Sql-server – SQL Server bulk transfer help needed

bulk-insertbulkcopysql server

We've got this very badly designed logging table that we want to add functionality to. The problem is that it's already a scalability nightmare and we want to fix the design before adding to it, but we only have the nightly upgrade window to do it in.

I've seen a lot of articles about the various bulk copy options with SQL Server, claiming "We could move 80M rows in 10 minutes!" but so far my testing doesn't get anywhere near that, and I'd like suggestions on how to improve on what I'm seeing.

Before the upgrade, there's always a full backup. I'm only interested in the end result and don't want a huge transaction log. I also don't want it to take too long and I don't want to blow out the disk space with transaction logs or temp files.

The table's been out there a while, so in our bigger customer dbs, it's already over 50 million rows. Each row is about 350-400 bytes. The columns are something like this

IdentityColID int, [type] int, [subtype] int, 
created datetime, author nvarchar(100), Message nvarchar(max)

The problems with the design are

  • The primary clustered key is (type, subtype, created, identitycolid), so it's an insert nightmare. Blocksplits all over the place. And even doing a SELECT COUNT(*) takes like 8 minutes.

  • There aren't good indexes to support the types of queries desired

I wanted to make a new table where the primary clustered index is the IdentityColId and add the indexes to support the type of necessary queries, and then copy the existing data over and drop the old table.

So far, I tried using BCP to get the data out, and importing with

  • BCP

  • BULK INSERT

  • INSERT INTO … FROM OPENROWSET

The bcp export took about 25 minutes and the imports all took about 1.3 hour – about 1.5 hours. With Recovery Model Simple, the transaction log didn't grow but the cpu consumption was in the 60-65% range most of the time.

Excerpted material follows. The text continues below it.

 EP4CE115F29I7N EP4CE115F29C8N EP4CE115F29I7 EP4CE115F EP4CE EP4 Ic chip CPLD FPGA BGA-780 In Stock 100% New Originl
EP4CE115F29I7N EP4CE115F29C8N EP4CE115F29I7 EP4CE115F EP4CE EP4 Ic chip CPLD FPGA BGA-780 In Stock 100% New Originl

I tried just using T-SQL INSERT INTO NewTable SELECT * FROM OldTable, but even with Recovery Model Simple, the transaction log gets to 100 gig.

I tried using SSIS data import packages with the from/to model, and the net time was about an hour 20 minutes. With Recovery Model Simple, the transaction log stayed small.

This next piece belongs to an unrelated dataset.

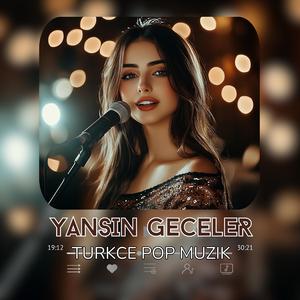 Yansin Geceler (Turkce Pop Muzik) KDM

Then I tried an SSIS Execute SQLTask package to effectively do the INSERT INTO NewTable... line within SSIS. That got the execution time down to about 1:15, but no matter what the recovery model, the transaction log ended up around 100 gig, though CPU consumption stays modest.

I'd like the end result to be one new table, so the suggestion from some of the articles I've read to parallelize into multiple result tables doesn't seem a profitable path. But so far, I just can't seem to approach those stats from the articles I've read.

Anyone have any suggestions on how I can goose this a bit?

Best Answer

I can't give the credit to Sir Swears-A-lot because his response was in a comment, but he was right. My assumption that dropping the primary key and creating a new one would be effectively the same or more expensive than loading up an empty new table was incorrect.

Setting recovery mode simple, dropping the primary key, recreating it (forcing the reshuffle), and adding all my new indexes afterwards clocked in at 40 minutes. That beat any bcp/SSIS method I'd tried by more than a half hour, so that was a big improvement.

And the transaction log grew by 10 gig but didn't go nuts like some of my other experiments.